One of my very special places was a field of dreams
I was 8 years old when my family moved across town in Beckley, WV. Daddy had bought a new house, a modest 2-bedroom, 1 bath Cape Cod with an attic and basement. I believe it cost $12,000. The house was fine, but I found myself in a new school system and living on a block entirely occupied by girls. I was devastated.
Then, my life changed. About a year later, a boy named Freddy Arnold moved into a house two doors away. Freddy was a year older but he and I became fast friends, bonded together by a love of sports. Baseball in particular.
Freddy was a Yankee fan while I worshipped the Brooklyn Dodgers. Each morning during the summer, I met the paper boy at the curbside and tore open the sports pages to see if Duke Snider had homered.
Beside Freddy’s house was a large, empty field – maybe five or six acres. It was just a hay field, seldom cut, but Freddy and I had other plans for this unused piece of real estate. It would become our field of dreams.
As much as we both hated lawn mowing, we went to work with our sickles and mowers and knocked the knee-high grass down to size. We carved out base paths and foul lines and we played ball. Every day, we played ball. From soon after breakfast until our mothers called us in for dinner, we played ball.
You can play basketball with two players and you can round up a game of touch football with as few as 4, but it took multiple warm bodies to play a game of baseball in our field of dreams. So we recruited any boy age 6 or older within ten blocks and any willing females – as outfielders of course. In order to get the girls to agree to play, we sometimes had to play hopscotch with them or do a little rope skipping, whatever it took to play ball on our field of dreams
Baseballs became our most precious commodities. If someone fouled a ball out into the high grass, we dropped our gloves in place and sent out search parties. He hunted until we found the errant balls, otherwise we couldn’t play. We played with the balls until all the stitches came out, then we taped them up and continued to play. Getting a new ball for our field of dreams was like striking the mother lode of gold.

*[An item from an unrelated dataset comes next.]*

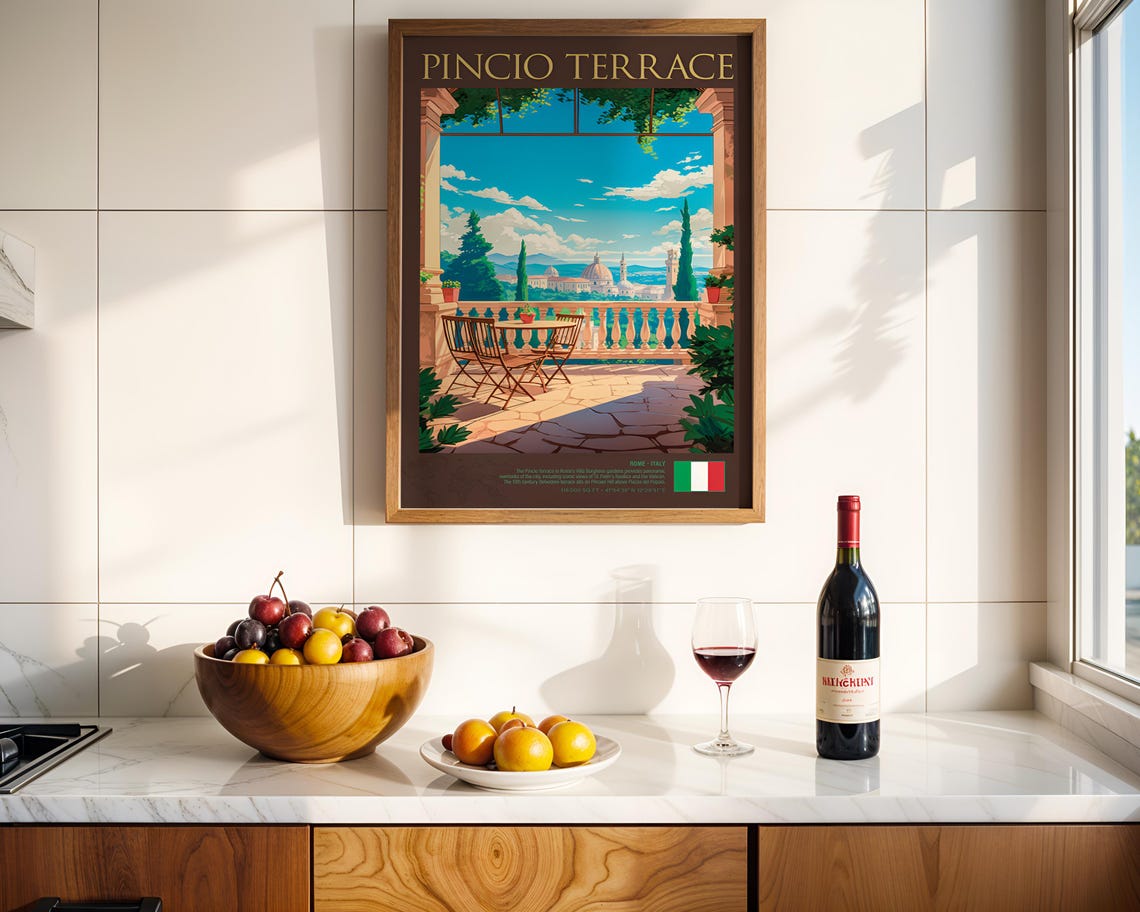 Pincio Terrace Rome Italy Villa Borghese View Vintage Travel Poster - Image 2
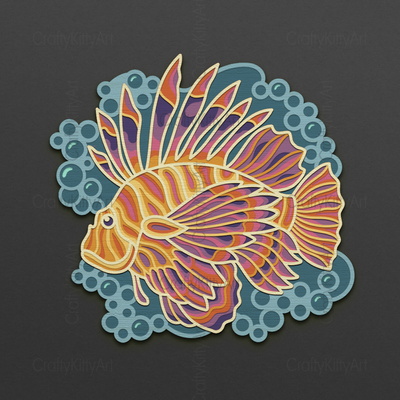 獅子魚，曼陀羅魚，3d 分層 svg dxf png 文件 - CraftyKittyArt - 001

Bats were also treasured. I remember having a 29-inch Louisville Slugger with Hank Sauer’s name inscribed. Sauer was a Chicago Cub at the time. I would have much preferred a Carl Furillo or Gil Hodges bat, but Sauer did hit 41 dingers in 1954, a worthy stat to say the least. When I splintered the bat near the handle, we tackled it back together, secured it with black tape and kept on playing.
Our field of dreams did not exactly have a level playing field. It had a reasonably steep incline from home plate up to the centerfield wall. At the end of the field was a wire fence, marking the back of some woman’s property in the adjoining neighborhood. I don’t recall the lady’s name, but she had lots of roses and flower beds and was not overly find of young boys climbing over her fence to retrieve the occasional home run. One of us would stand guard, looking for the enemy, while another scooted across the fence, tossed the ball back into play and came flying back across. We were scolded on more than one occasion, but she finally gave up and just let us hop across unscathed.
Behind our house today is an open school yard – it even has a baseball diamond, but the only time children ever play there is when some adult has organized some sort of team. In 1954, adults were not allowed on our field of dreams, only ballplayers. We made our own rules, we mowed our own field and we recruited our own teams and players. We used our imaginations and the meager equipment we had at hand. And we played ball Afterall, that’s what a field of dreams is for.